● TO DO
Print the lines exactly. Start at the first line of the material below, end with the line that contains "A group of men standing together", and skip all pictures.

● GIVEN DATA
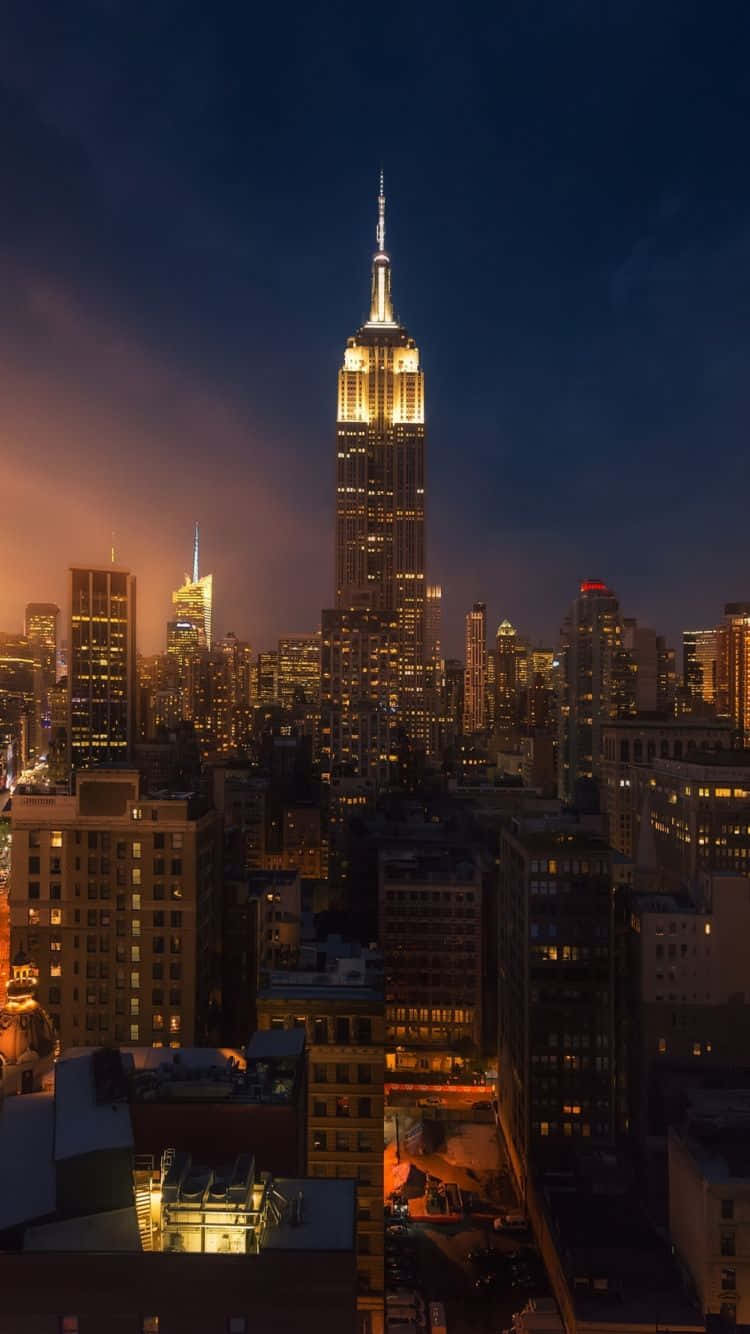 Enstadsvy Med Empire State Building På Natten. Wallpaper
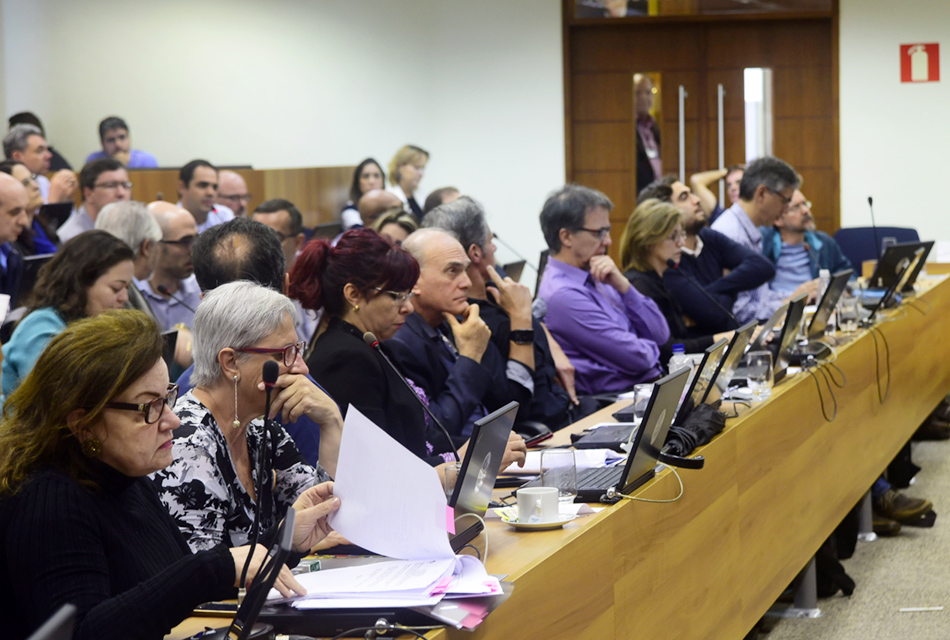 Em amplo auditório, em perspectiva, cerca de trinta pessoas sentadas em cadeiras, uma ao lado da outros, formando cinco fileiras, sendo que, à frente deles, há extensas mesas retangulares de madeira sobre a qual há notebooks abertos, microfones de mesa, folhas de sulfite entre outros objetos. À direita na imagem, ao lado deles, há uma grande porta balcão de madeira com duas lâminas e janelas verticais de vidro transparente. Imagem 4 de 6.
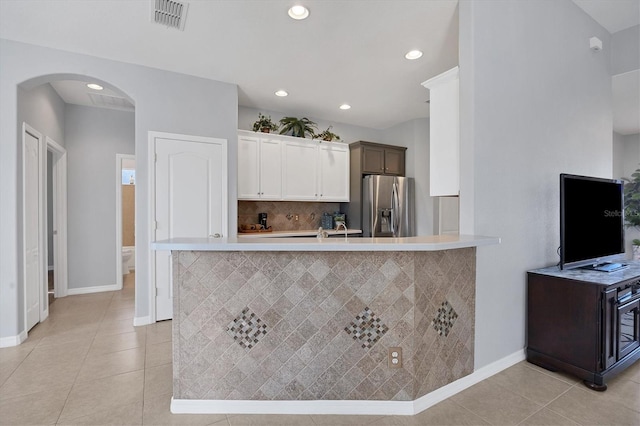 kitchen with kitchen peninsula, stainless steel fridge, backsplash, light tile patterned floors, and white cabinetry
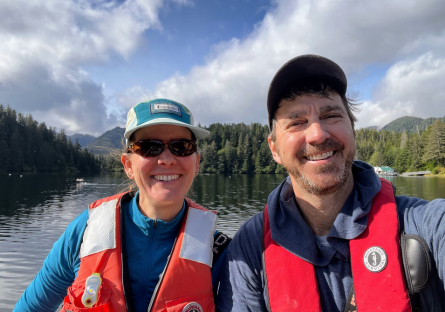 Professor and another participant posing in orange life vests.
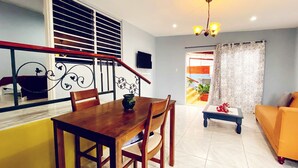 A dining area with a wooden table and chairs, a staircase with a railing, and a living room with a sofa and a small table.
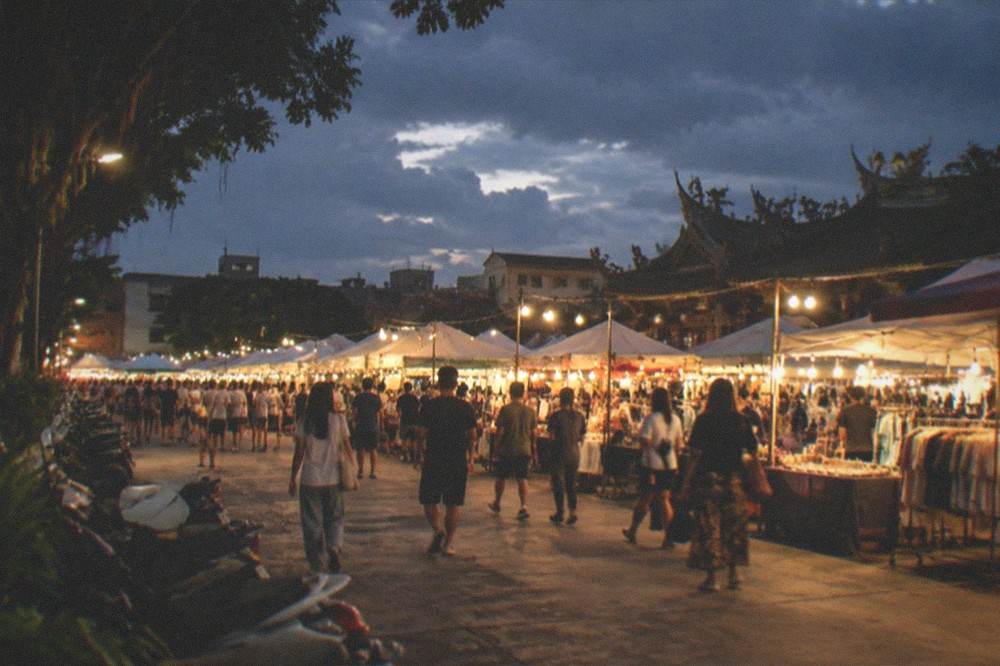 A wide view of a night market ground with lit stalls and crowds under a dark sky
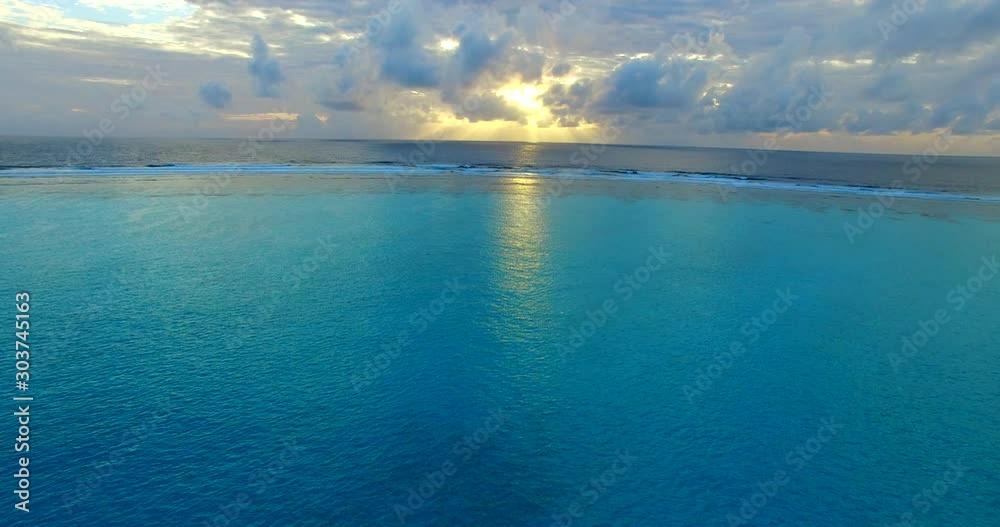 Glowing twilight hidden by dark clouds still reflecting on calm turquoise lagoon surrounded by coral reefs and artificial barriers in Maldives Glowing twilight hidden by dark clouds still reflecting on calm turquoise lagoon surrounded by coral reefs and artificial barriers in Maldives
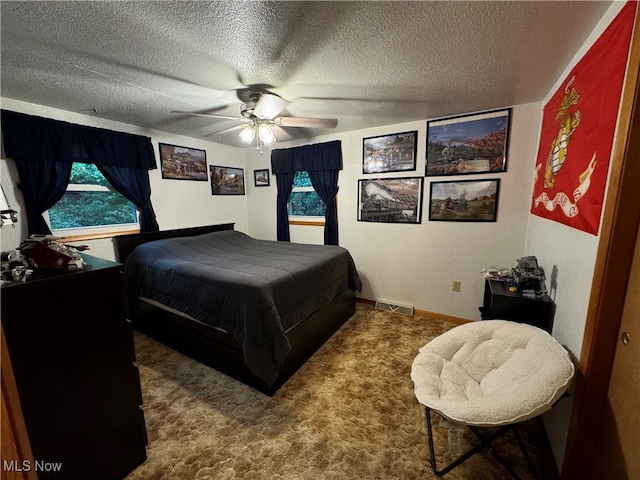 carpeted bedroom with ceiling fan and a textured ceiling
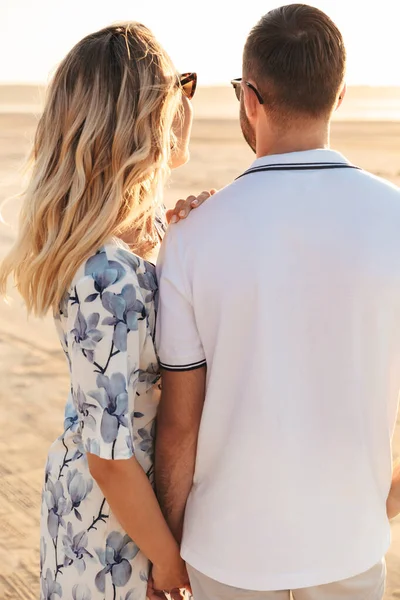 Photo de dos de caucasien beau couple tenant les mains ensemble tout en marchant sur la plage ensoleillée — Photo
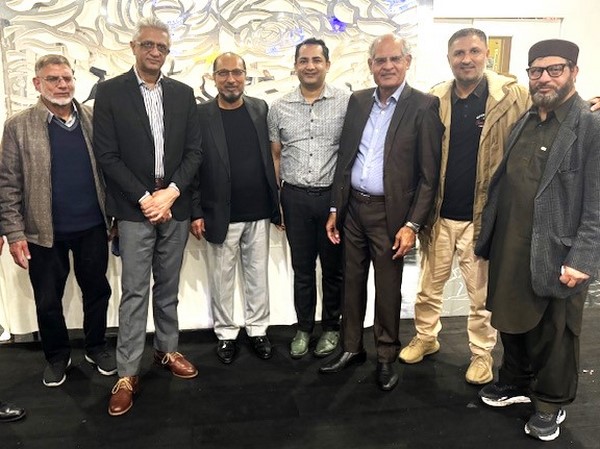 A group of men standing together
Description automatically generated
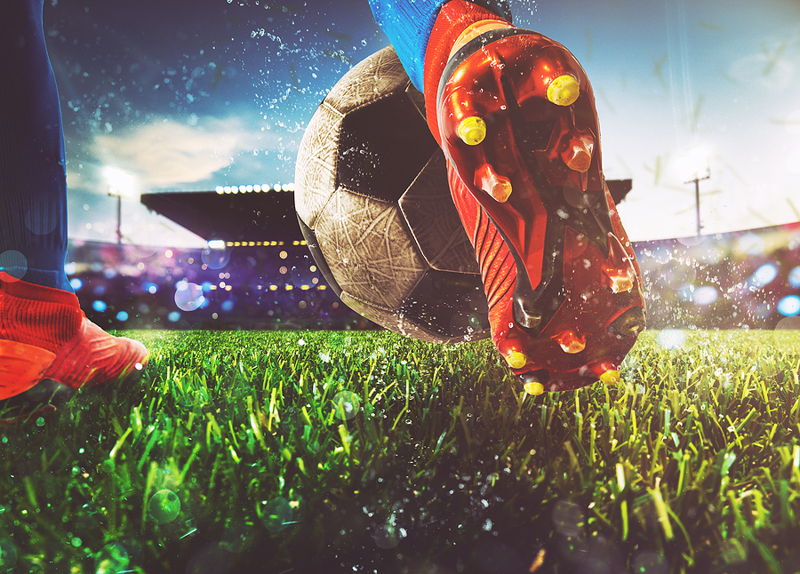 close up player kicking football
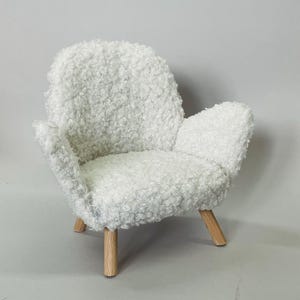 May include: A small, white, fluffy armchair with a rounded back and armrests. The chair has a soft, textured appearance and sits on four wooden legs. The overall design is minimalist and cozy, suitable for a dollhouse or miniature setting.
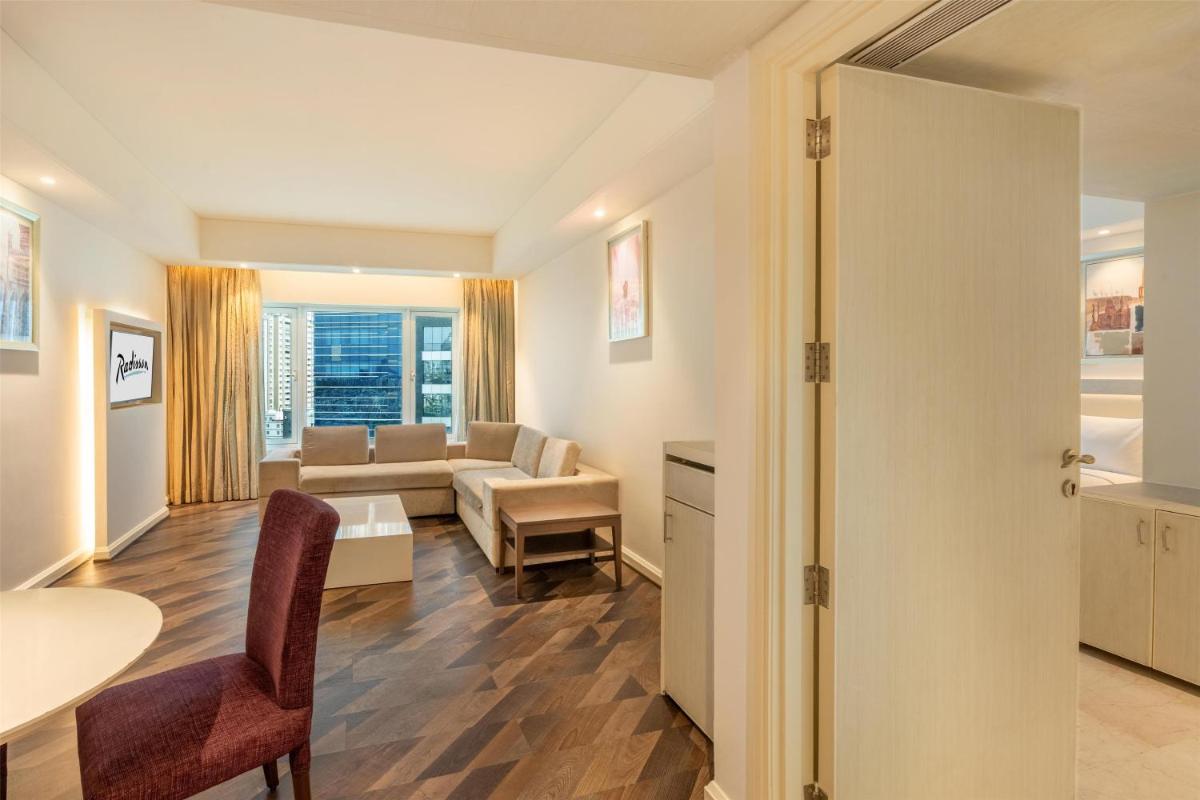a living room with a couch and a table at Radisson Hyderabad Hitec City in Hyderabad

● SOLVED EXERCISE
 Enstadsvy Med Empire State Building På Natten. Wallpaper
 Em amplo auditório, em perspectiva, cerca de trinta pessoas sentadas em cadeiras, uma ao lado da outros, formando cinco fileiras, sendo que, à frente deles, há extensas mesas retangulares de madeira sobre a qual há notebooks abertos, microfones de mesa, folhas de sulfite entre outros objetos. À direita na imagem, ao lado deles, há uma grande porta balcão de madeira com duas lâminas e janelas verticais de vidro transparente. Imagem 4 de 6.
 kitchen with kitchen peninsula, stainless steel fridge, backsplash, light tile patterned floors, and white cabinetry
 Professor and another participant posing in orange life vests.
 A dining area with a wooden table and chairs, a staircase with a railing, and a living room with a sofa and a small table.
 A wide view of a night market ground with lit stalls and crowds under a dark sky
 Glowing twilight hidden by dark clouds still reflecting on calm turquoise lagoon surrounded by coral reefs and artificial barriers in Maldives Glowing twilight hidden by dark clouds still reflecting on calm turquoise lagoon surrounded by coral reefs and artificial barriers in Maldives
 carpeted bedroom with ceiling fan and a textured ceiling
 Photo de dos de caucasien beau couple tenant les mains ensemble tout en marchant sur la plage ensoleillée — Photo
 A group of men standing together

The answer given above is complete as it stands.